For its first 50 years, the National Reconnaissance Office’s willingness to embrace risk in solving the complex technical tasks of spying from the safety of orbit earned the agency respect by a string of U.S. presidents faced with managing the Cold War.
“The value of the photography alone was worth more than the cost of the whole U.S. space program,” said then-President Lyndon B. Johnson about images that are credited with helping to monitor the former Soviet military machine.
Today, the price of intelligence is no longer limitless. With lawmakers in Washington hammering out a series of budget cuts designed to shrink the national debt, the intelligence community is under pressure to reduce spending despite an expanding mission.
“We still have to do all that counting [of tanks, bombers and missiles], but we also have to give data to warfighters and that’s a much faster-paced battle,” says the National Reconnaissance Office (NRO) director, USAF Gen. (ret.) Bruce Carlson.
As the NRO embarks on another 50 years, Carlson expects the next big breakthrough to come from the power of digital processors and how they can aid analysts in combing through volumes of data.
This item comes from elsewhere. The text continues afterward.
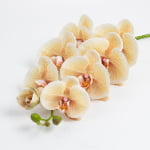 98cm Real-Touch Phalaenopsis Stem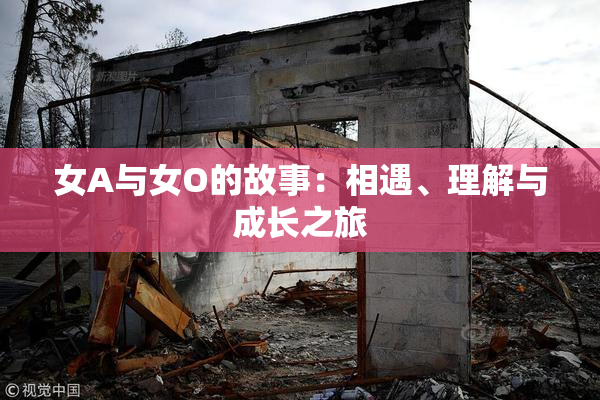 女A与女O的故事：相遇、理解与成长之旅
But 50 years ago, the NRO faced a much different challenge: The U.S. leadership lacked knowledge of the might of the Soviet military. A look at how the NRO and the aerospace industry responded to that problem—including two newly declassified satellite systems—sheds light on the art of the possible for the agency today.
The Hexagon satellite’s unprecedented resolution and wide-area imaging capabilities were key to shaping U.S. foreign policy during the Cold War.

The initial problem was for the NRO to develop, with the KH-7 Gambit, a satellite capable of collecting images 70-90 mi. over Earth with 2 ft. of ground resolution of targets such as nuclear sites or submarine ports in the Soviet Union and China. At the time, the Corona system provided wide-area imaging but lacked spot capability.
With a 77-in. focal length and 9-in.-wide film, Gambit’s Eastman Kodak camera was “better than anything previously planned or undertaken,” said USAF Maj. Gen. David Bradburn, then-special projects director. To design Gambit, engineers had to solve several technical challenges, including crafting lightweight mirror materials to keep the mass of the camera under 1,500 lb.
First deployed in July 1963, Gambit 1 missions, averaging 6.6 days, continued for four years. Gambit initially carried about 3,000 ft. of film. Images were retrieved via capsule, which was ejected from the vehicle, reentered the atmosphere and parachuted over the Pacific Ocean. C-130 aircraft were typically used to snatch the capsules from midair.
The NRO launched 38 Gambit missions, 28 of which were successes. Developing mechanisms to reel film from the spool through the camera and to the capsule proved to be the “biggest challenge” early in the program, says James Outzen, an NRO historian.
An upgraded version, the Gambit 3, first deployed a year earlier, in July 1966. The NRO incorporated such improvements as a stellar camera for locating targets and a roll joint for improved camera slewing. The focal length was also increased to 175 in., an improvement referred to as the KH-8. Also, the NRO added the first of two upgrades using thinner film, allowing for more images to be captured per mission. By the end of the 1960s, Gambit was able to collect 9,000 images per mission, up 1,000.
In addition, thermal improvements were made to the satellite, allowing operators to at one point conduct a mission below 65-mi. altitude. During this period, analysts also worked on the technique of using the cameras to help construct three-dimensional images of targets such as submarines, providing the U.S. the first such pictures of Soviet military hardware.
It became evident in the late 1960s that a new system was needed to combine the wide-area views of Corona with the high resolution of Gambit. Thus, the KH-9 Hexagon was born. First launched in 1971, Hexagon conducted 19 successful missions of 20 attempts until April 1986 and provided the U.S. with coverage that, at the time, was the closest the intelligence community had gotten to continuous operations.
The satellite, dubbed “Big Bird” by the press owing to the massive Titan III booster needed to loft it, carried two panoramic cameras made by Perkin-Elmer capable of resolutions as low as 2 ft. using 60-in. focal lengths as well as an Itek camera used for mapping and targeting of nuclear weapons (which operated for 12 missions). Hexagon is credited with confirming that the Soviet Union was maintaining its Arctic bomber bases.
Owing to lessons from Gambit, film was able to travel roughly 100 ft. through the Hexagon satellite to be exposed and stored prior to dispatch in one of four recovery buckets. NRO officials say that Hexagon was able to image at least 98% of the Eurasian landmass; program coverage totaled 877 million square mi.
Hexagon’s requirements drove developers to craft the longest-to-date solar arrays to accommodate the satellite’s power requirements.